In this study, we examined the dependency of N-terminal amino acids on cleavage efficiency in test proteins using pulsed elution chromatography. Based on the data obtained (Table 2), we selected the following N-terminal amino acid combinations with varying cleavage efficiency for further study: AF (Ala-Phe), SS (Ser-Ser), SE (Ser-Glu) and RF (Arg-Phe). According to the data in Table 2, AF and RF are expected to exhibit faster cleavage, while SE is expected to exhibit slower cleavage. Human Interleukin-1β (IL-1β) was used as a test target protein and genes with the selected combinations were synthesized with the Cytiva™ Protein Select™ tag for further testing.

The four test proteins were expressed in E.coli and purified via an additional C-terminal TwinStrep tag to obtain pure protein for chromatography experiments.

The purified test-proteins were applied to 1 mL HiTrap™ Protein Select™ columns for cleavage efficiency studies on an ÄKTA pure™ chromatography system. The test was performed at room temperature (22°C), using PBS-buffer (pH 7.4) for all chromatographic steps, except for regeneration/CIP. After sample loading and column washing, the flow was stopped to allow for cleavage, followed by elution of tag-less protein. This was repeated six times to gather data for the time-dependent cumulative yield on-column.
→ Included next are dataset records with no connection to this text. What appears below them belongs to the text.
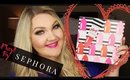 Play! By SEPHORA | Beauty Subscription Box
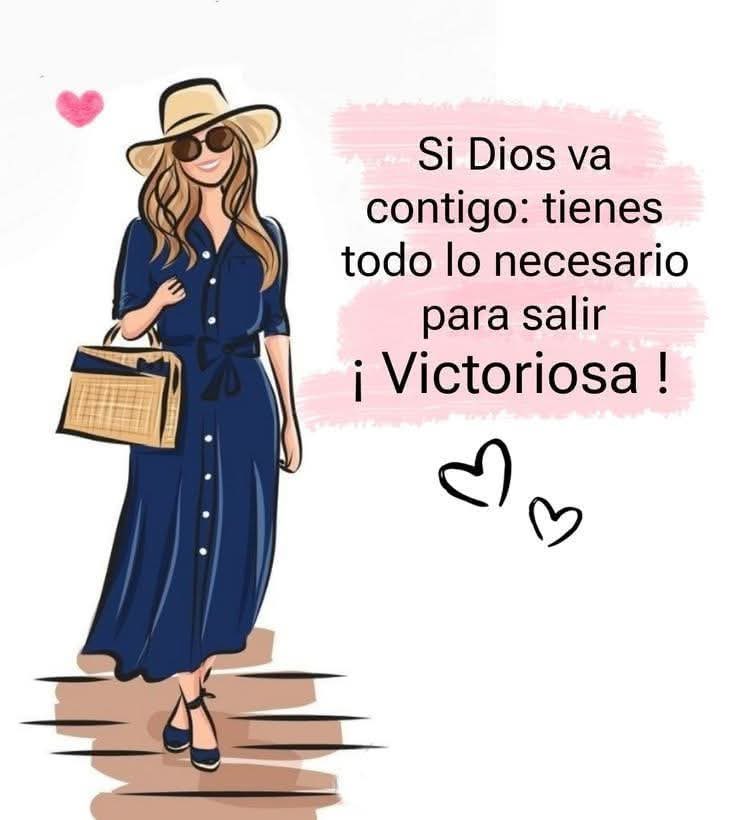 LaNataNeta1's tweet photo. 🙏💖 https://t.co/5RY7gdLfIf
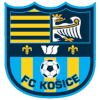 FK Kosice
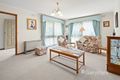 Property photo of 15 Ronald Crescent Boronia VIC 3155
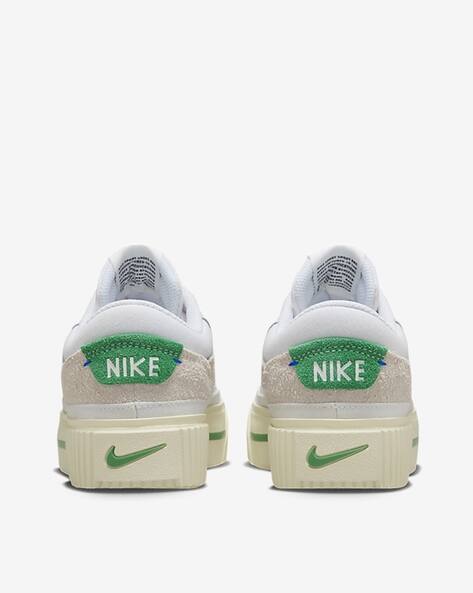 Nike Footwear Air Max Legacy Nike Air Max 90 QS 'Legacy'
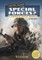 Can You Survive in the Special Forces?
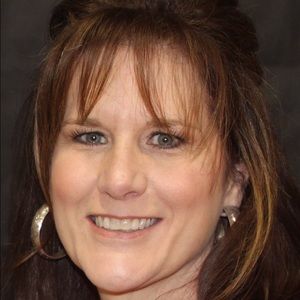 Meet your Posher, Traci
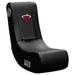 DreamSeat Miami Heat Team Gaming Chair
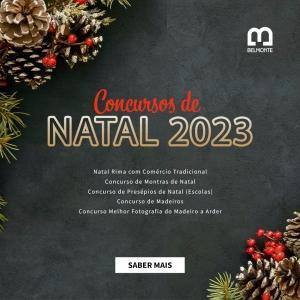 Concursos De Natal 2023 Slider Mobile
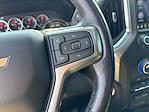 2019 Chevrolet Silverado 1500 Crew Cab 4x4 Pickup for sale #KZ118167 - photo 24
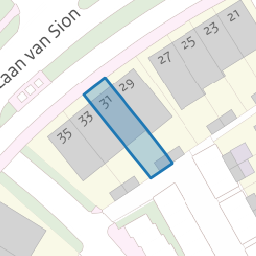 Perceel RWK01-I-3853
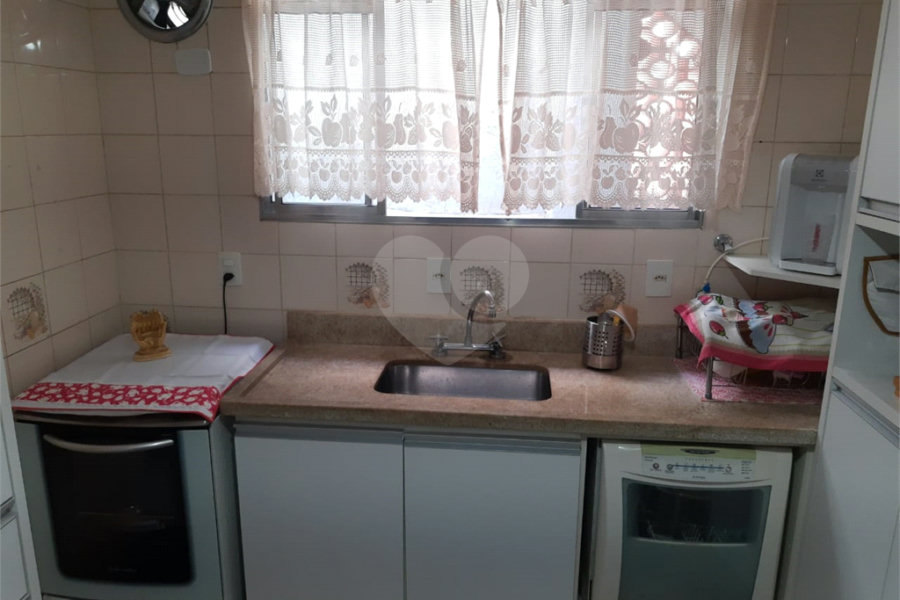 Sobrado à venda com 3 suítes em Lauzane Paulista, São Paulo, SP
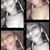 Darice Cook's profile image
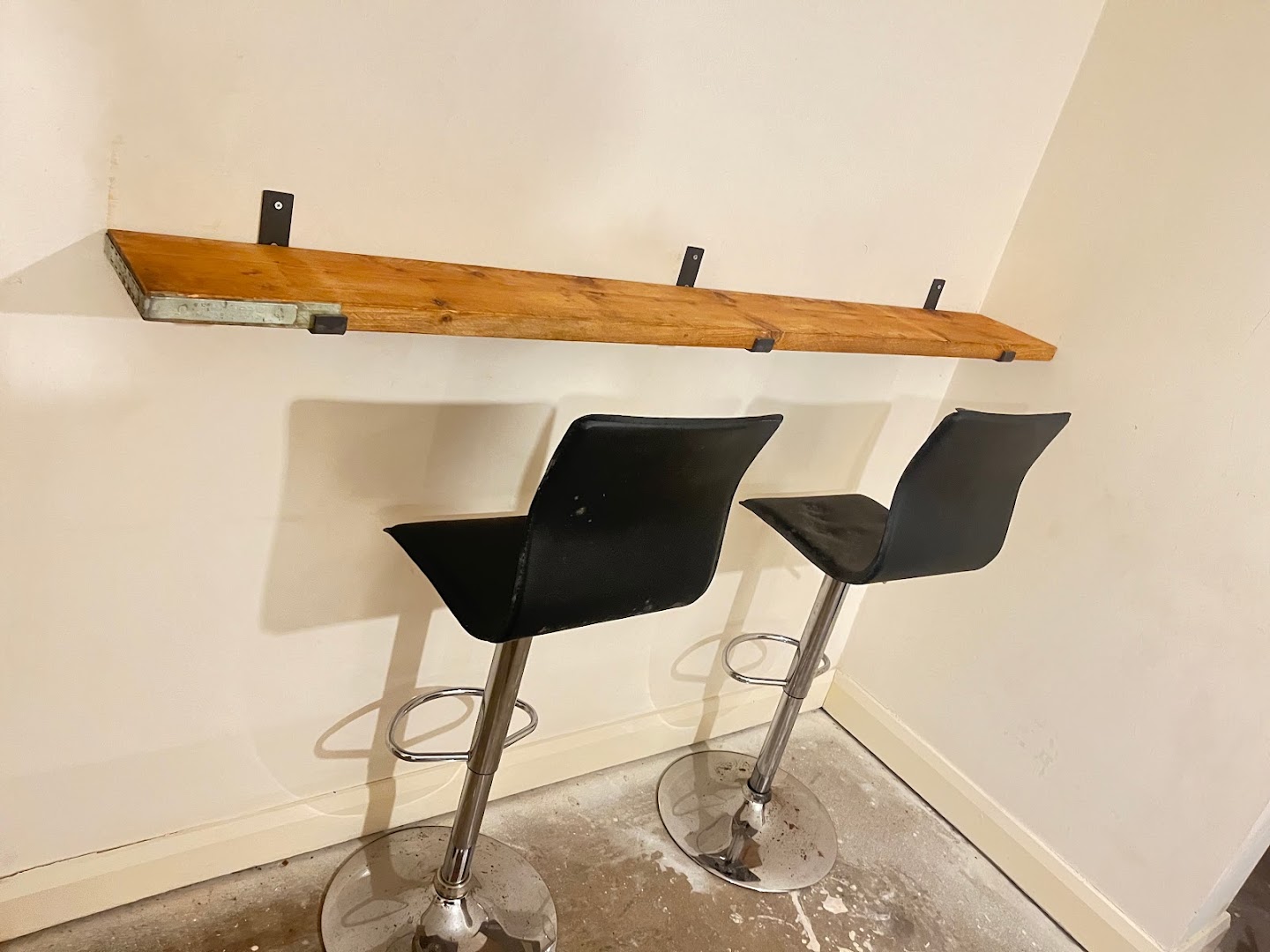 BA handyman service — Photos 7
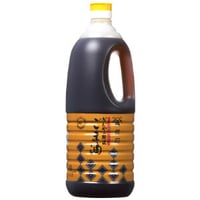 かどや　銀印ごま油（濃口）　1650g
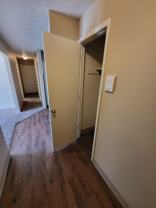 8500 Granville Parkway - Photo 1 of 1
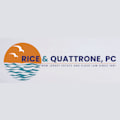 Rice & Quattrone, PC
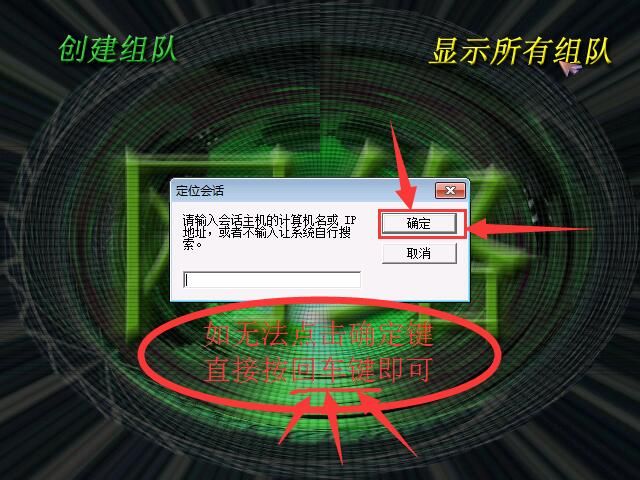 蓝色警戒火星战场攻略,一、 核心基础与开局 蓝色警戒火星战场攻略,一、 核心基础与开局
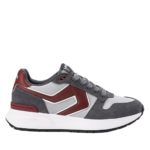 levis-andrika-sneakers-gkri-235896 (1)
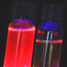Luminescent sensor for zinc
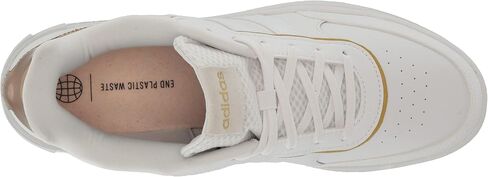 adidas Postmove SE Shoes Women's in Saudi Arabia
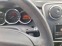 Обява за продажба на Dacia Sandero 0.9 tce 90кс ~6 800 лв. - изображение 10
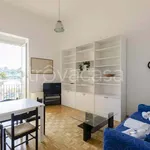 Rent 3 bedroom apartment of 60 m² in Rapallo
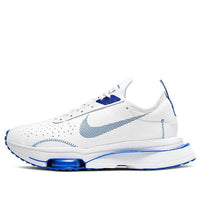 Nike Air Zoom-Type SE 'White Game Royal' DH0282-100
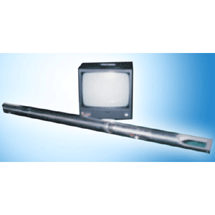 �@���͜yб�x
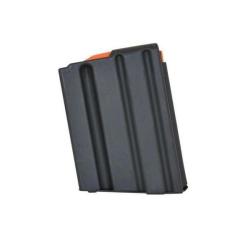 Chargeur S&W MP15 Calibre 223REM/5.56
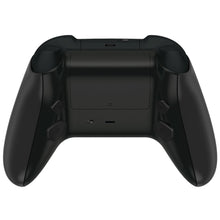 Load image into Gallery viewer, Supply Ninja x HEXGAMING ADVANCE Controller with FlashShot
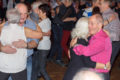 Fernandoz Eringsboda Brunn 24 januari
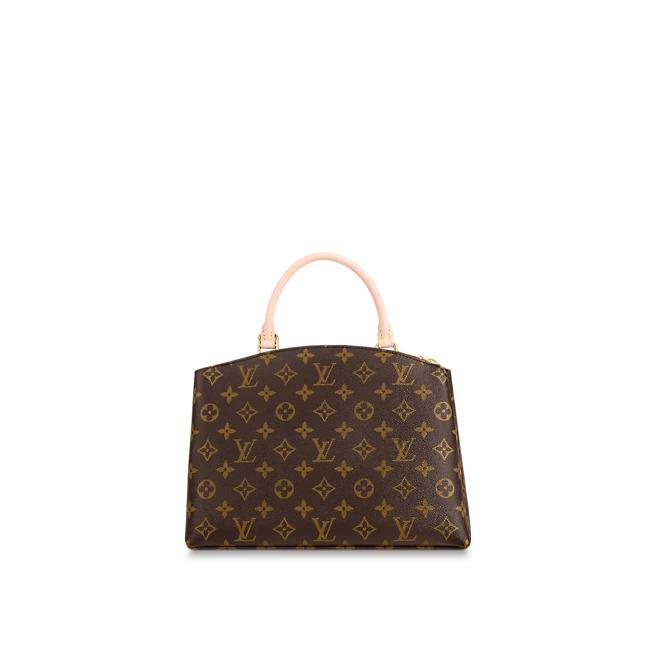 Louis Vuitton PETIT PALAIS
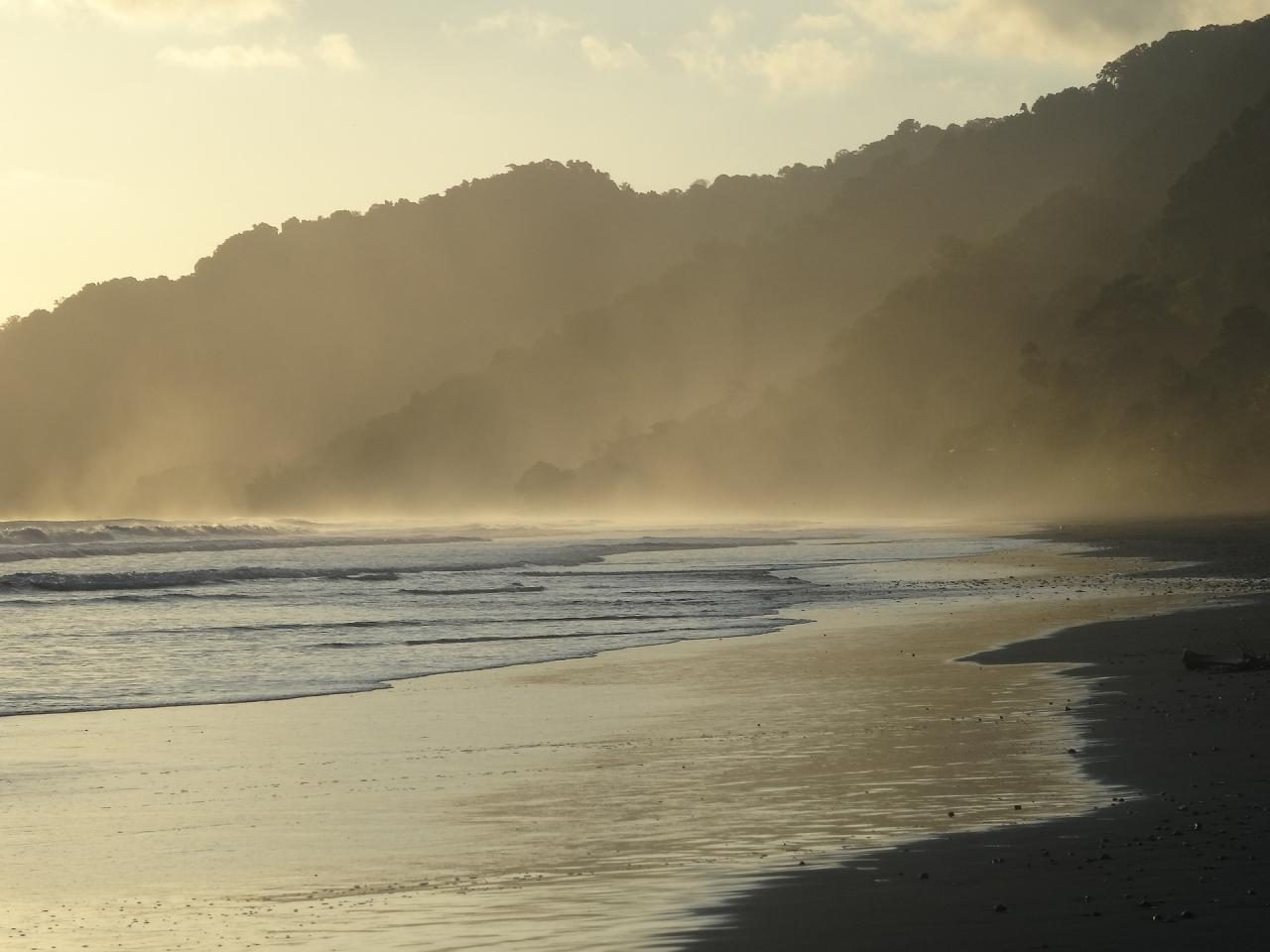 Meteorologia: Previsão do tempo para quarta-feira, 19 de agosto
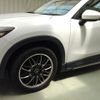 mazda cx-5 2012 ENHANCEAUTO_1_ea300182 image 23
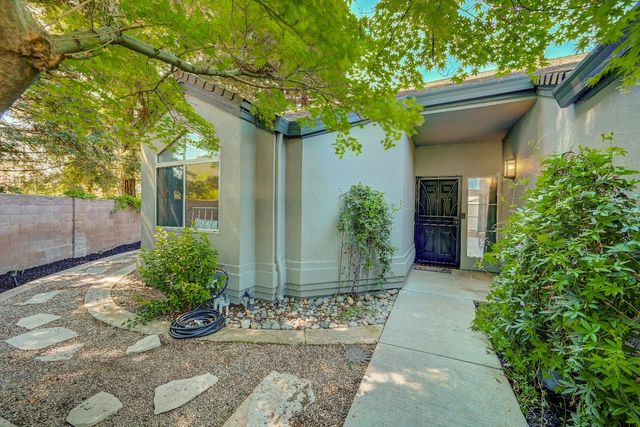 $399,000 | 3600 Columbine Drive, Unit 8 | Central Modesto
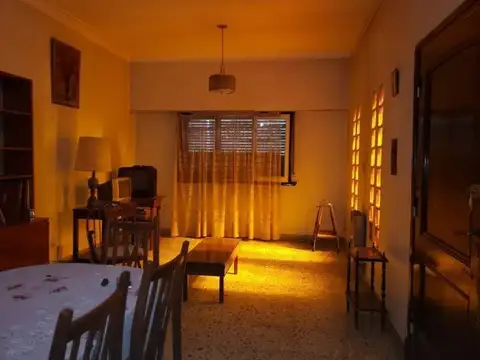 Casa en Venta en Bella Vista, USD 130.000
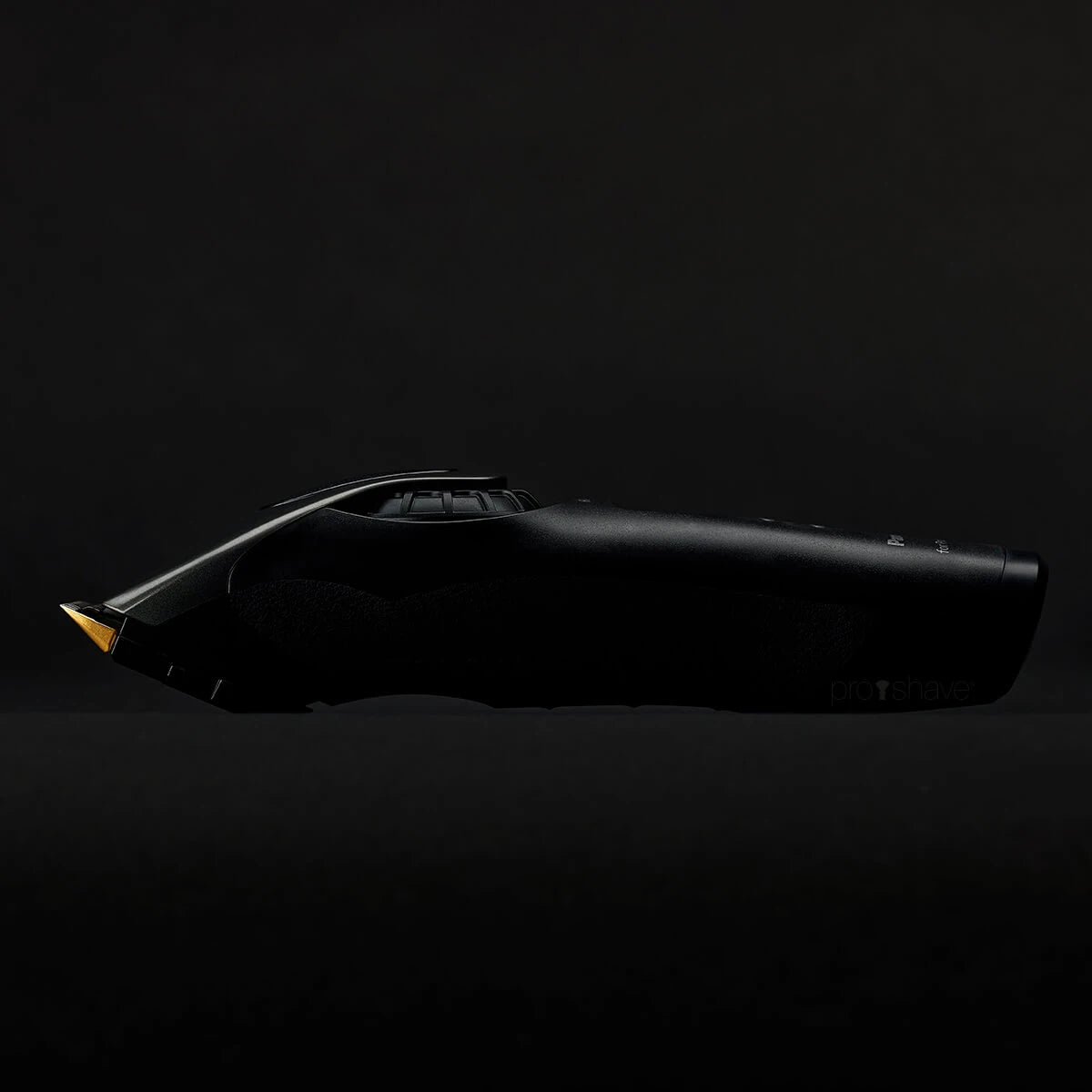 ER-DGP86 Professional Hair and Beard Trimmer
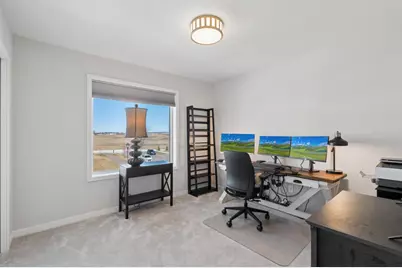 5385 Gestach Lane, Chaska, MN 55318 - Photo 13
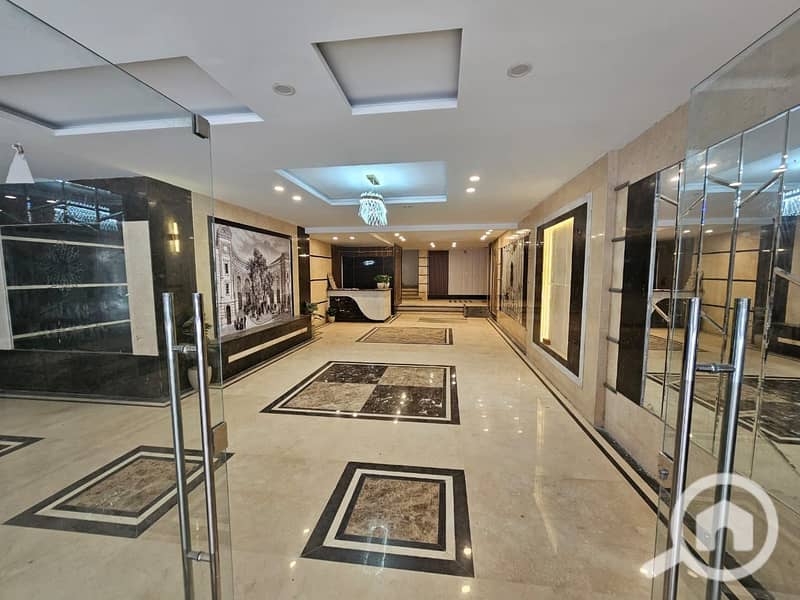 7 WhatsApp Image 2025-10-25 at 10.43. 50 AM. jpeg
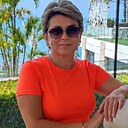 Знакомства: Наталья, 51 год, Костанай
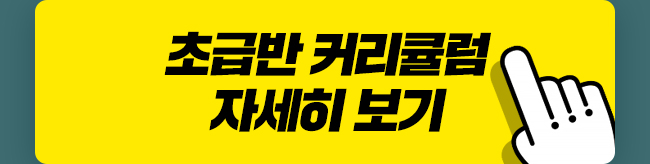 초급반 커리큘럼 자세히 보기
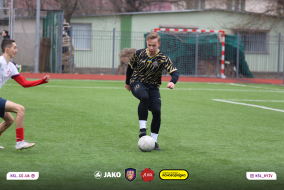 <a href="https://st.getinfootball.com/albums/1086817/65f99e3eacf4c_1920.jpg" target="_blank">Завантажити оригінал</a>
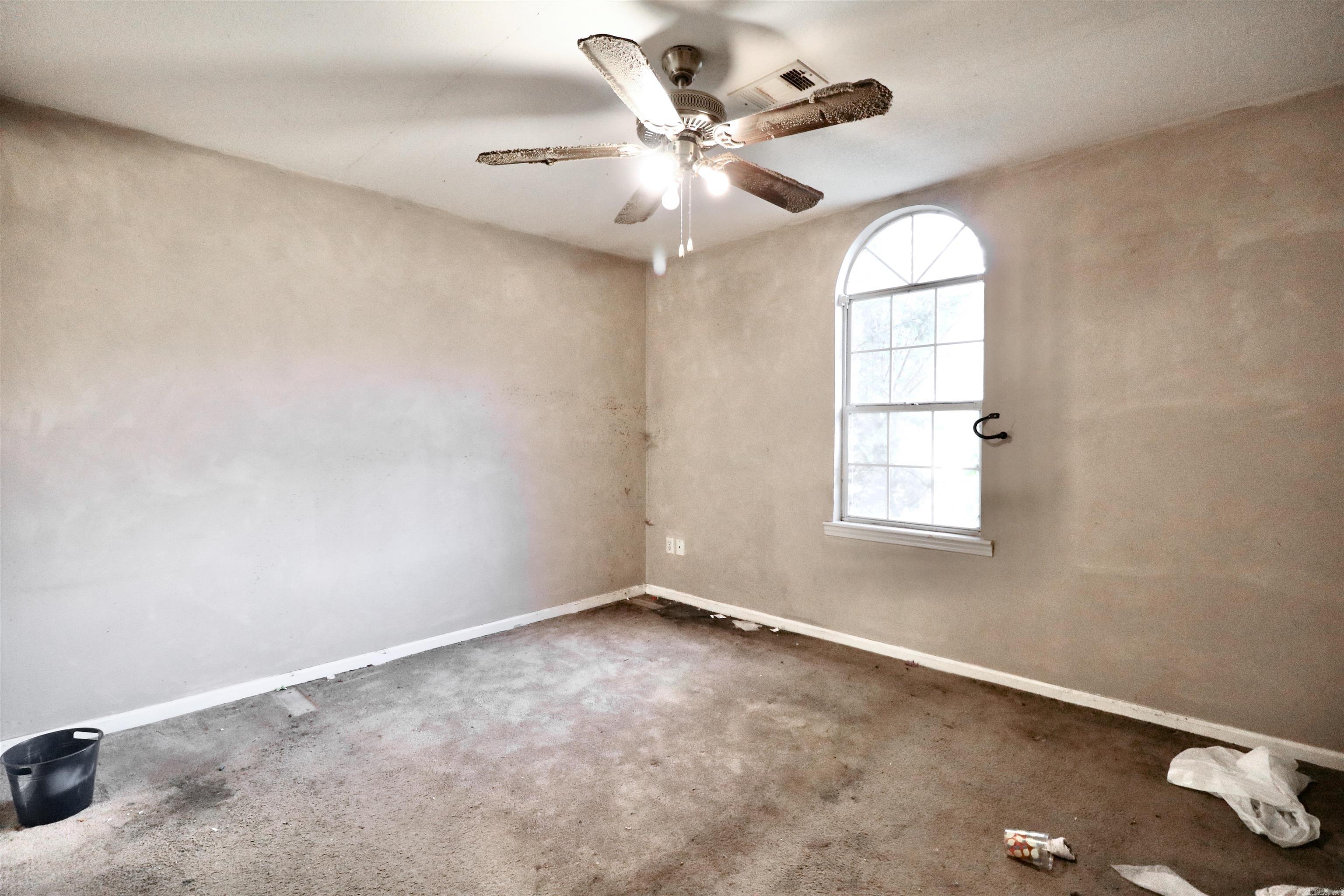 Hickory Hollow - Residential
The time-points and an example chromatogram showing the elution steps (peaks B-G) are shown in Figure 5.

Peak Step CV
Equilibration 10
Sample application/wash 6
B Elution 0-15 min 2
C Elution 15-30 min 2
D Elution 30-60 min 2
E Elution 1-2 hour 2
F Elution 2-3 hour 2
G Elution overnight 12 hours 5
Regeneration water 5
Regeneration urea/NaOH 10
Regeneration water 5
Equilibration 10

Time-intervals in chromatography method designed for kinetics study

Fig 5. Time-intervals in chromatography method designed for kinetics study and an example chromatogram showing the pulsed elution peaks.


Peak fractions were analyzed with size exclusion chromatography and the amount of cleaved and eluted tag-less protein was plotted in a graph showing the cumulative yield over time, as shown in Figure 6.

Cumulative amount of eluted protein from pulse elution method when studying cleavage kinetics of Cytiva Portein Select tag

Fig 6. The cumulative amount of eluted IL-1β compared with the loaded amount, expressed in %. Contribution from each peak (B-G), indicated in Figure 5. Test protein was IL-1β variants with different N-terminal substitutions in positions aa1 and aa2.


The data from the SPR analysis and the data obtained from the chromatography experiments were compared and show that cleavage kinetics are correlated/related to the amino acids in aa1 and aa2. The time taken for sample application and subsequent column wash was kept to a minimum in these chromatography runs as loading time potentially has a large effect on the cumulative yield, especially for fast cleaving variants.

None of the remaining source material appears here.